_Task:_
Return the entries below in their exact form, leaving the pictures out.

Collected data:
++++++++++

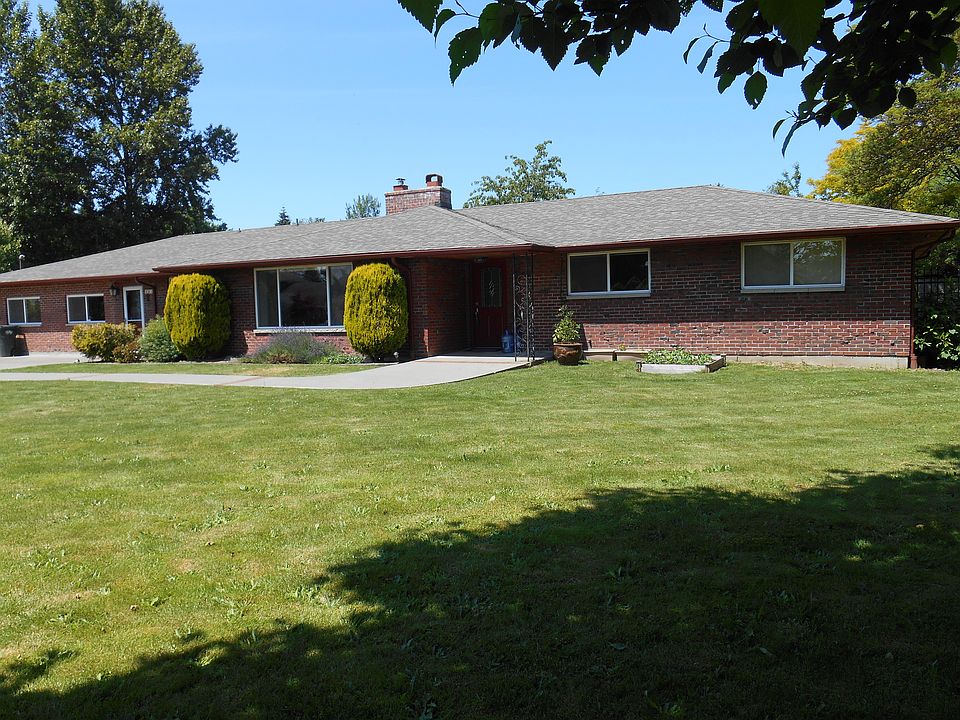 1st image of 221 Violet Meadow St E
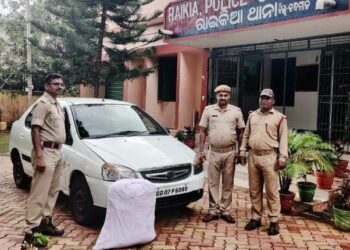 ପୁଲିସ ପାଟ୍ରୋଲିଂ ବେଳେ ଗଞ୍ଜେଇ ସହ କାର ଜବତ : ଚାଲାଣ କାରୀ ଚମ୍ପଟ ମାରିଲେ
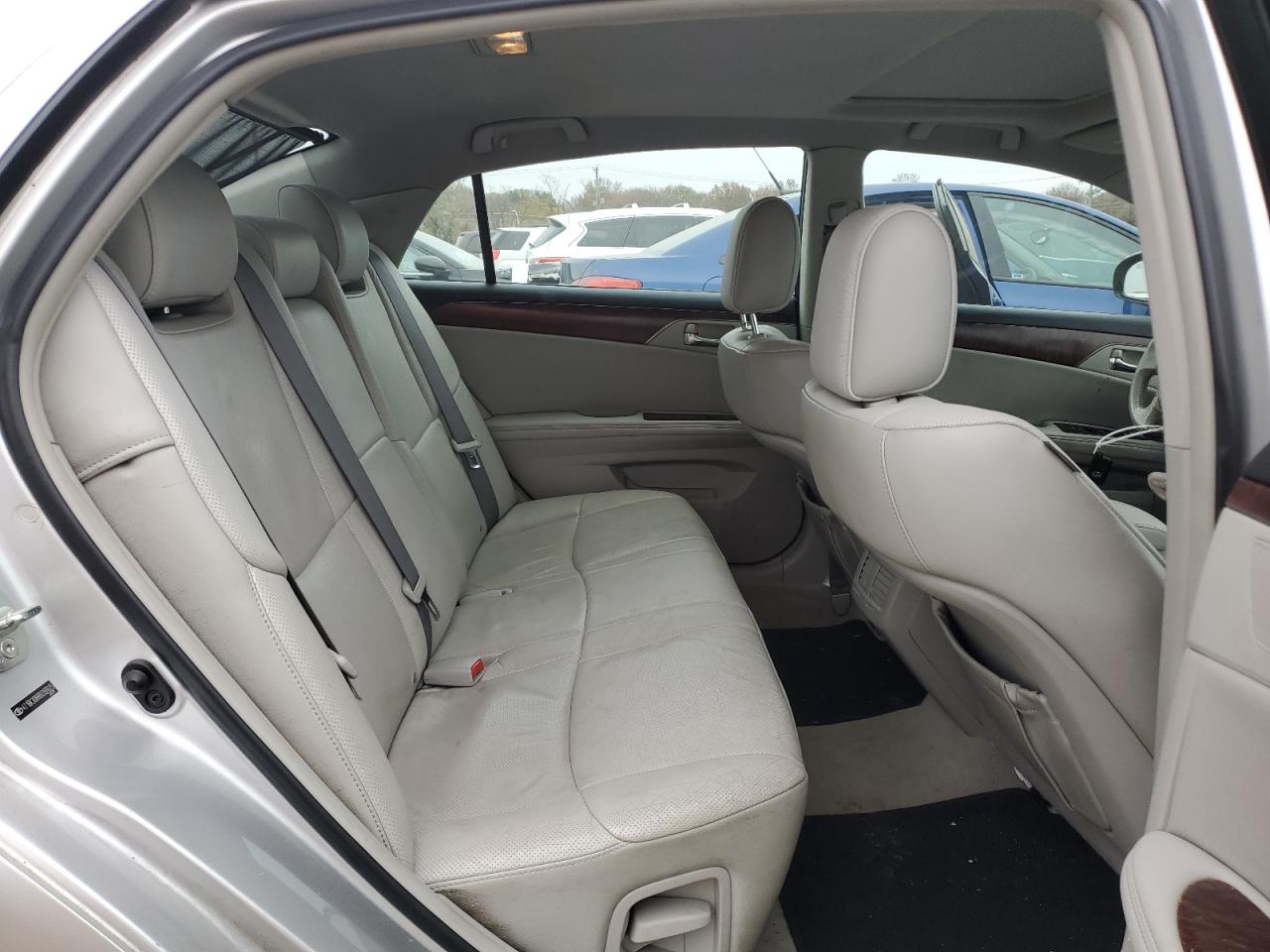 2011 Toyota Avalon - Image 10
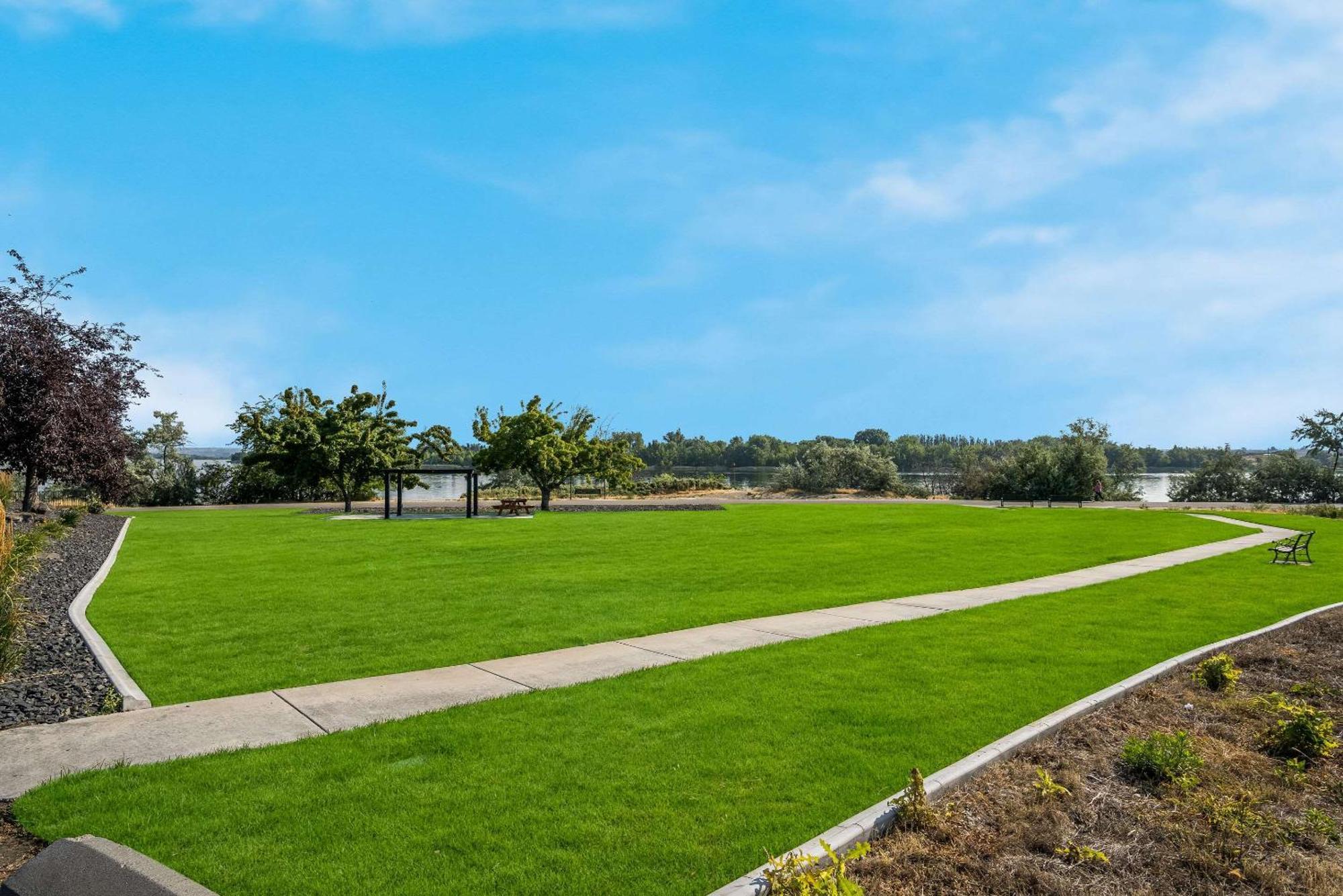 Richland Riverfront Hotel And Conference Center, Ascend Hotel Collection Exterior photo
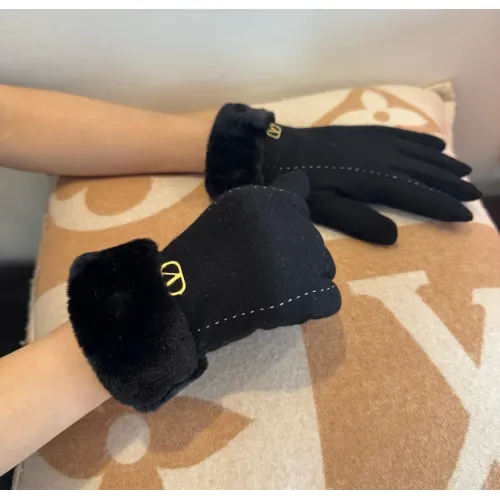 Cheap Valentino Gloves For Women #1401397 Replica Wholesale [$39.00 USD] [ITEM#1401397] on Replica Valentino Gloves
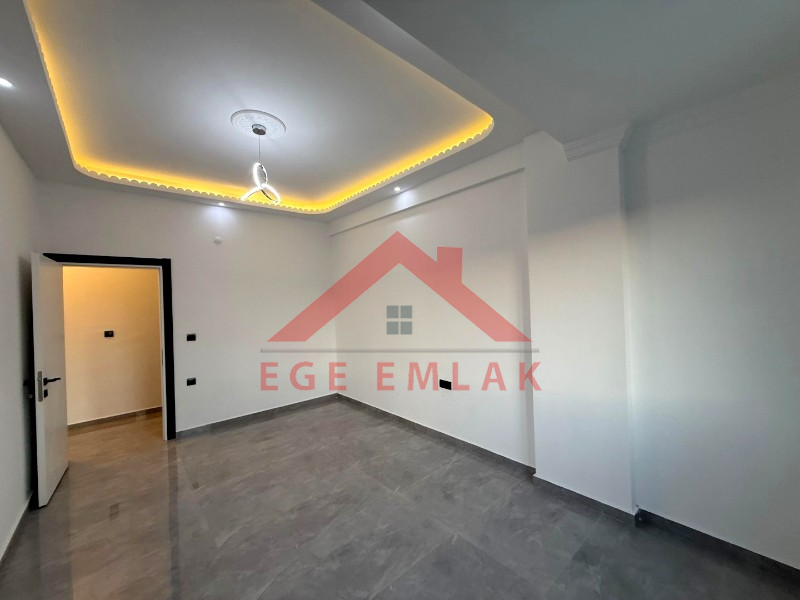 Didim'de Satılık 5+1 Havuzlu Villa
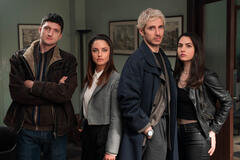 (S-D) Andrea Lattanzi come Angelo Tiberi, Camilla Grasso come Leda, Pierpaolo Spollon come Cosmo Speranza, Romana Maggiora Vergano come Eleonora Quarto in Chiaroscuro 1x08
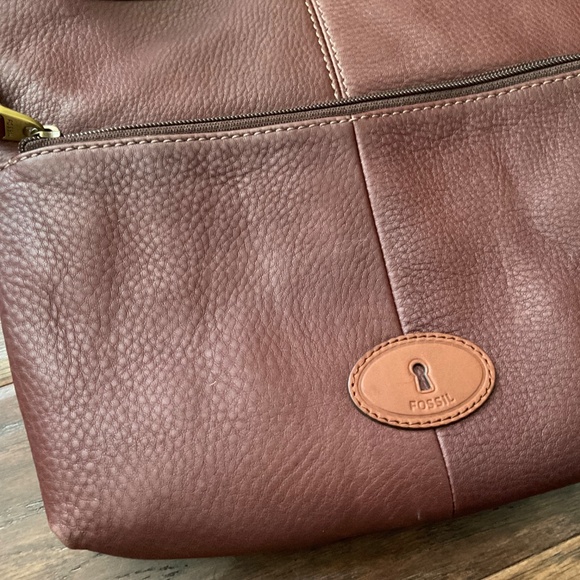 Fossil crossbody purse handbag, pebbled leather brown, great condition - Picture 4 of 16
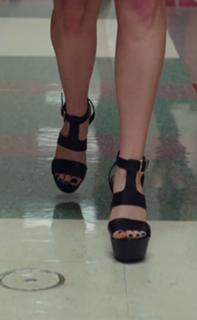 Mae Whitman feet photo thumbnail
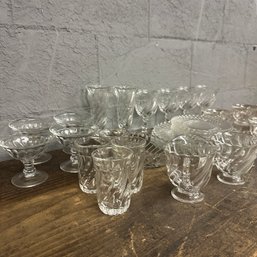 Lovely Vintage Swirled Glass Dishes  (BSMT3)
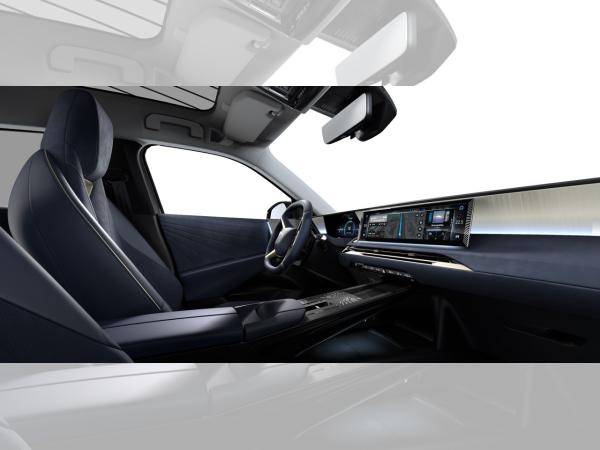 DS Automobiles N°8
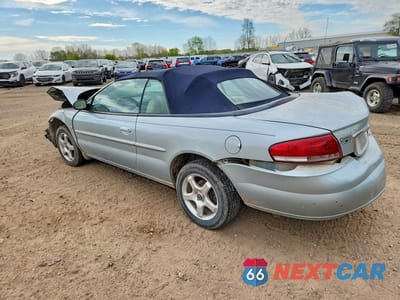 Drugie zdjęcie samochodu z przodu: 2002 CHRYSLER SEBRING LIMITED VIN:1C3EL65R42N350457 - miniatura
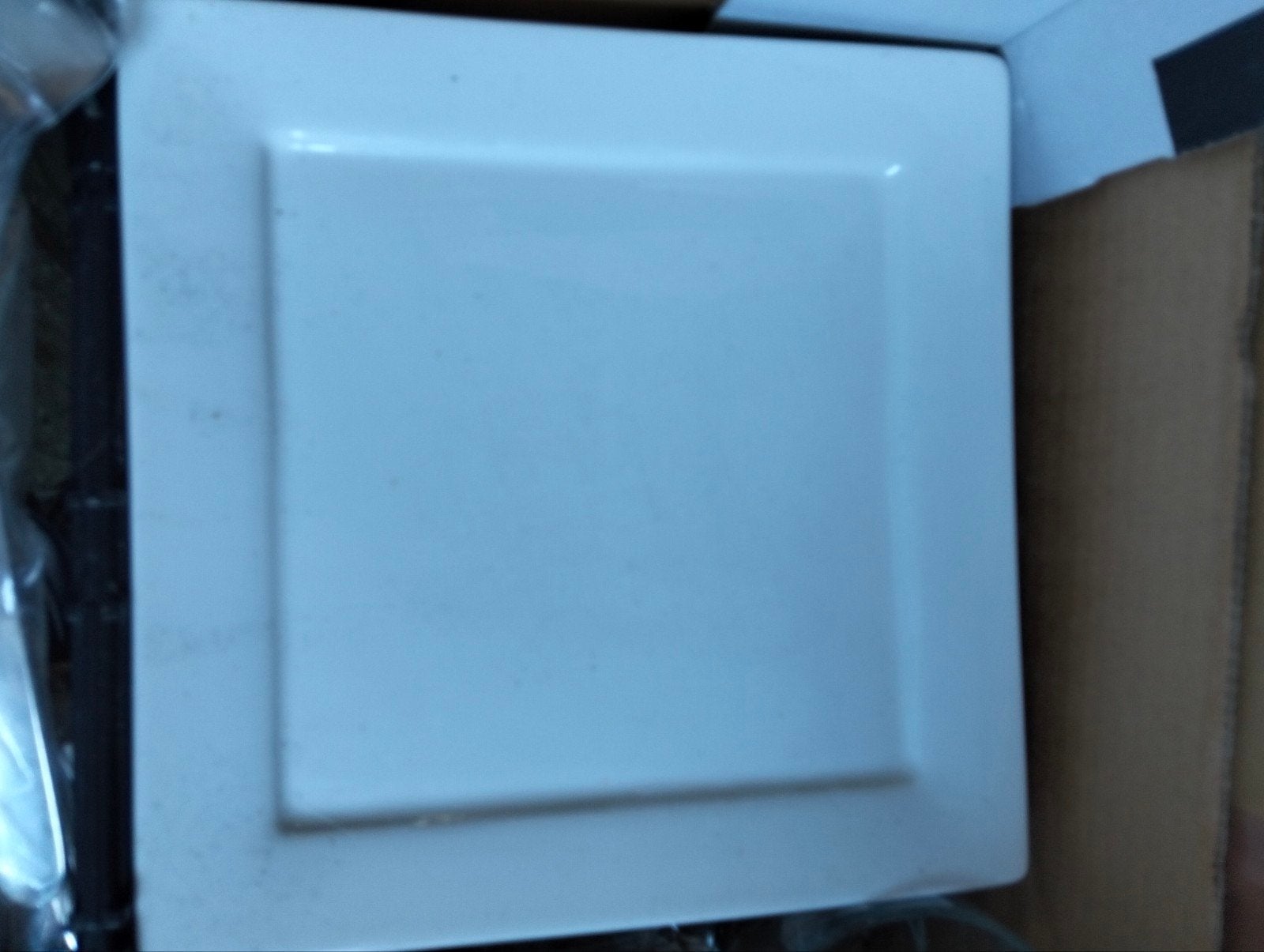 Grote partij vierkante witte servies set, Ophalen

++++++++++

_Solution to this task:_
 1st image of 221 Violet Meadow St E
 ପୁଲିସ ପାଟ୍ରୋଲିଂ ବେଳେ ଗଞ୍ଜେଇ ସହ କାର ଜବତ : ଚାଲାଣ କାରୀ ଚମ୍ପଟ ମାରିଲେ
 2011 Toyota Avalon - Image 10
 Richland Riverfront Hotel And Conference Center, Ascend Hotel Collection Exterior photo
 Cheap Valentino Gloves For Women #1401397 Replica Wholesale [$39.00 USD] [ITEM#1401397] on Replica Valentino Gloves
 Didim'de Satılık 5+1 Havuzlu Villa
 (S-D) Andrea Lattanzi come Angelo Tiberi, Camilla Grasso come Leda, Pierpaolo Spollon come Cosmo Speranza, Romana Maggiora Vergano come Eleonora Quarto in Chiaroscuro 1x08
 Fossil crossbody purse handbag, pebbled leather brown, great condition - Picture 4 of 16
 Mae Whitman feet photo thumbnail
 Lovely Vintage Swirled Glass Dishes  (BSMT3)
 DS Automobiles N°8
 Drugie zdjęcie samochodu z przodu: 2002 CHRYSLER SEBRING LIMITED VIN:1C3EL65R42N350457 - miniatura
 Grote partij vierkante witte servies set, Ophalen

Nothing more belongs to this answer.